An accomplished painter and industrial designer, Kotík attended the School of Decorative Arts in Prague from 1935 to 1941, studying with the graphic artist, Jaroslav Benda. In 1947, he was appointed head designer at the Center of Folk Art Production in Prague. From 1947 to 1968, he was a graphic designer and member of the editorial board for Tvar, a magazine about artistic activities in Czechoslovakia during the post-war period. From 1949 to 1967, he worked as an independent glass designer, collaborating with the glassworks in Škrdlovice, Nový Bor, Karlovy Vary, Železný Brod, and Kamenický Šenov.
Kotík‘s highly original work was exhibited at the XIth Triennale in Milan in 1957, and an abstract sculpture of painted and stained glass and steel, titled “Water, Sun, Air”, appeared at Expo ’58 in Brussels. This sculpture demonstrated new possibilities for the artistic use of glass. He exhibited his last work in glass, which was a collaboration with René Roubíèek, at Expo ’67 in Montreal. After the Soviet invasion of 1968, Kotík emigrated to Germany, where he spent the rest of his life.

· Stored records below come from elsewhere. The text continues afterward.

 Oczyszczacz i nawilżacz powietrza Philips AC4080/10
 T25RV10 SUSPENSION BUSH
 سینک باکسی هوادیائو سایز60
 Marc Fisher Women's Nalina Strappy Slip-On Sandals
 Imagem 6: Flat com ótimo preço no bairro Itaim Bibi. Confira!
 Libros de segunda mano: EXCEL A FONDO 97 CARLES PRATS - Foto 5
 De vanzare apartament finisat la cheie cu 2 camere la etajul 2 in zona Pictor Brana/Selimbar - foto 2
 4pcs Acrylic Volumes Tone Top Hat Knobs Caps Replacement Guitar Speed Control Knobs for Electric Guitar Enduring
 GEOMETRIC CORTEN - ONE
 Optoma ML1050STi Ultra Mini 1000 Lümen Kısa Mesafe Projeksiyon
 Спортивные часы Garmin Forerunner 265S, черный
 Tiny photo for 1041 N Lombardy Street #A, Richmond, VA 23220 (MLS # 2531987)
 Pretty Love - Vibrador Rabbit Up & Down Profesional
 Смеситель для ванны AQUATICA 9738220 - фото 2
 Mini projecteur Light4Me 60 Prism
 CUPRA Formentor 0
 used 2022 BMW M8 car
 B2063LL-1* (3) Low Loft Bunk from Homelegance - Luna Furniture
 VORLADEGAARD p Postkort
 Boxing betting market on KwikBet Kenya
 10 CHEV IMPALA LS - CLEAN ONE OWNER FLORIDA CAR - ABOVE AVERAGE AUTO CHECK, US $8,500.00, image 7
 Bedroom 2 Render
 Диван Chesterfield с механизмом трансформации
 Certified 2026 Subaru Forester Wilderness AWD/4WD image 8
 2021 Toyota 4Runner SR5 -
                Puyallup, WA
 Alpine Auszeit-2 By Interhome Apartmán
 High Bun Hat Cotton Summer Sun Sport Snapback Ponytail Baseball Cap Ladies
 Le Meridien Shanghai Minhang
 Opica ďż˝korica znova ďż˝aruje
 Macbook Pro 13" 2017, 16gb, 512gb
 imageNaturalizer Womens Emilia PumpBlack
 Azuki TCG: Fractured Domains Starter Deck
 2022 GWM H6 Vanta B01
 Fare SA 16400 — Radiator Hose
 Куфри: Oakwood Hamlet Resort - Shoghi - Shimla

Vladimír Kopecký trained at the Specialized School of Glassmaking in Kamenický Šenov in 1946 and then moved to Nový Bor, completing his studies there in 1949. He joined Josef Kaplický’s studio at the Academy of Applied Arts in Prague and graduated in 1956. Kopecký transferred his knowledge of and skill in painting and graphic arts to his work in glass. Under Kaplický’s tutelage, which encouraged freedom of artistic expression, Kopecký executed a series of enameled vases, like the one you see here. These vases were described by Kaplický as representing "new thinking in glass." Kopecký received a gold medal for his work at Expo ’58 in Brussels. Early in his professional career, Kopecký began to consult regularly with architects, designing panels and wall mosaics. He continued to apply his preferred techniques of etching and painting to sheet glass in architecture. His large, brightly colored, stained glass window, on display at Expo ’67 in Montreal, demonstrated his original and independent viewpoint.